Plans also called for test engineering personnel, because of their overall importance to the program, to report directly to the Program Manager. The contractor had experienced great success on previous programs when these disciplines were integrated under one Program Manager. They discovered that such a management design was critical to the successful completion of modern state-of-the-art production projects. Since the system design was based on the CA-663A and other derivative products, most of the design effort was complete for the AN/ARC-222 even as the contract was signed. Rather than a typical developmental program, instead this project consisted of productivity improvements, straightforward design enhancements, and transition to production. This approach provided a totally integrated quality management team for insuring that all program technical, cost and schedule requirements were satisfied.

Between 1993 and 1997, the development and testing phases of the program moved forward, while planning for fielding the system began. Center personnel faced many challenges over these four years, but the excellent ground work laid by both the Air Force and contractor work force made the entire process work more smoothly. Of note was the fact that in the midst of the program, Hughes Aerospace, Inc., Long Beach, California, became the primary contractor of the program since it bought the avionics assets of the earlier contractors.

In FY97, ESC/TG-1officials formally procured the AN/ARC-222 based on earlier Air Force directives. Air Force leadership directed that ESC personnel provide SINCGARS radios for specific Air Force air assets in order to allow these aircraft to communicate with other SINCGARS radios used by other services, primarily the U.S. Army Ground SINCGARS radio units. As such, ESC and USAF management meant for the AN/ARC-222 to replace the AN/ARC-186 radio on these same selected Air Force weapon system platforms.

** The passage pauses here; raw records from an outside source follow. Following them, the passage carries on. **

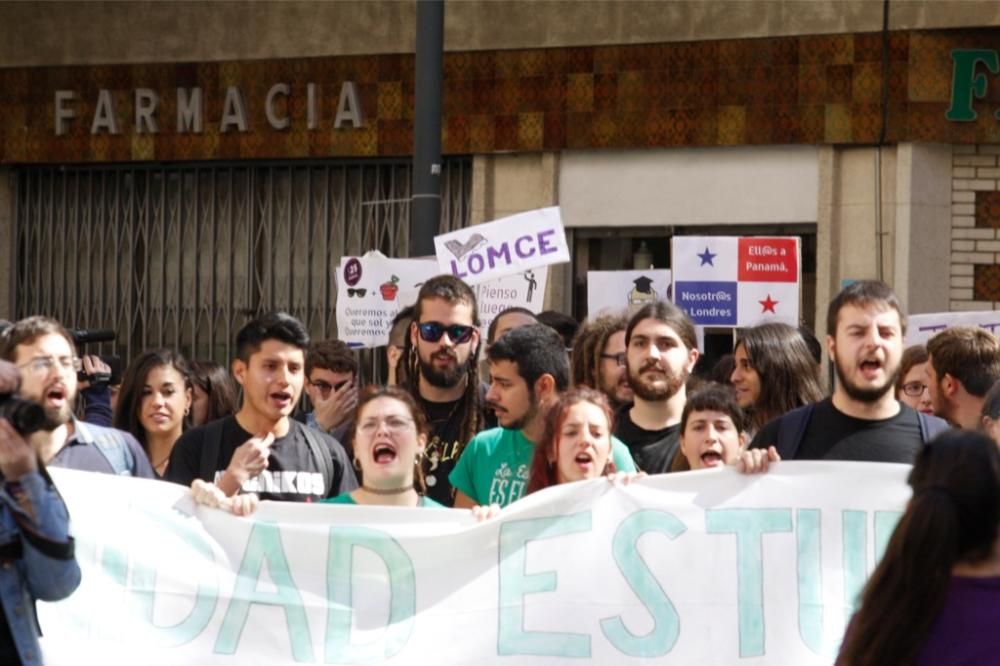 Manifestación en Murcia contra la Lomce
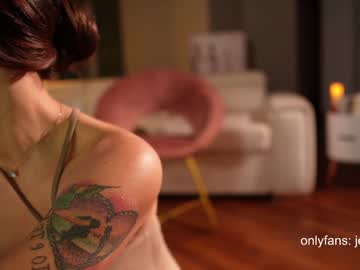 webcam girl therealbonnieclydex live cam image #8265194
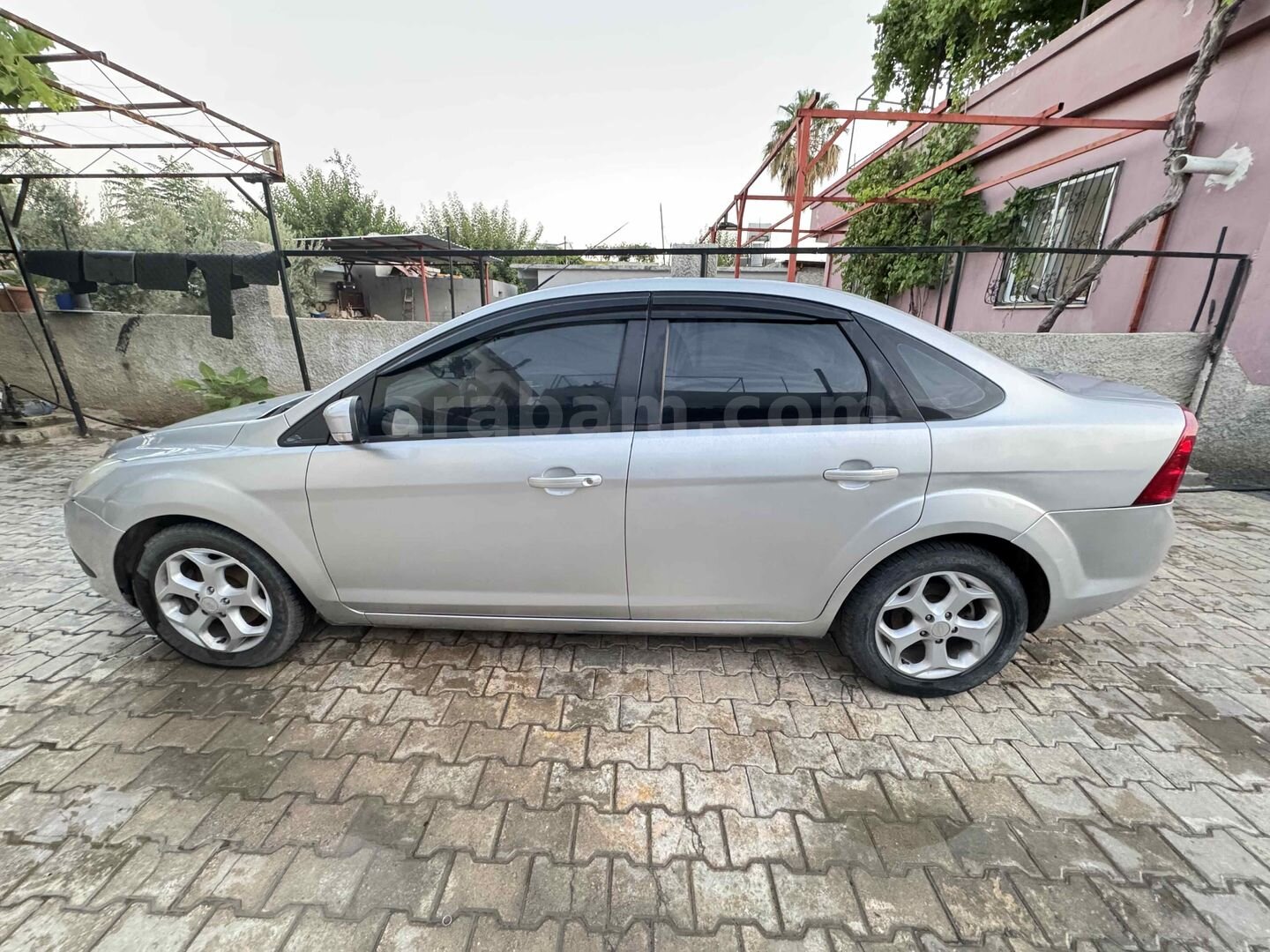 Sahibinden Ford Focus 1.6 TDCi Trend X 2010 Model Adana 304.000 km Gri 4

During FY96 and FY97, the Hughes work force collected AN/ARC-222 radios and control parts and delivered them, as components for kits, to WR-ALC "Kit Unit" personnel in LY. In turn, members of the LY Communications Team (LYRC) compiled a fielding document which they sent to ESC. It provided the specific procedures for ordering the AN/ARC-222 LRUs from the Center "Kit Unit" in order to build aircraft-specific installation kits.

The project has been a team effort. Personnel in LYRC worked closely with the SPDs to issue equipment for installation and with contractor workers dealing with system integration issues. WR-ALC/LYRC employees have also worked with personnel from the Center's Special Operations Forces (SOF) Management Directorate's (also SOF SPO) H-53A IPT, who worked with the integration contractor to build modification kits for the MH-53J and TH-53A helicopter aircraft. This installation began in late 1997. At the end of the fiscal year, officials projected that the project should be completed early in 1998. Last but not least, LYRC technicians have provided radios to contractors for integration into the Airborne Command and Control Center (ABCCC), HH-60G helicopter and MC-130H aircraft platforms. At the end of FY97, Center management expected the installation of these AN/ARC-222s to begin in the Spring of 1998.

After six years of effort, officials expected the AN/ARC-222 development and integration program to come to an end in fiscal year 2000 (FY00). At that point, the maintenance and sustainment phase of the weapon system life cycle will begin.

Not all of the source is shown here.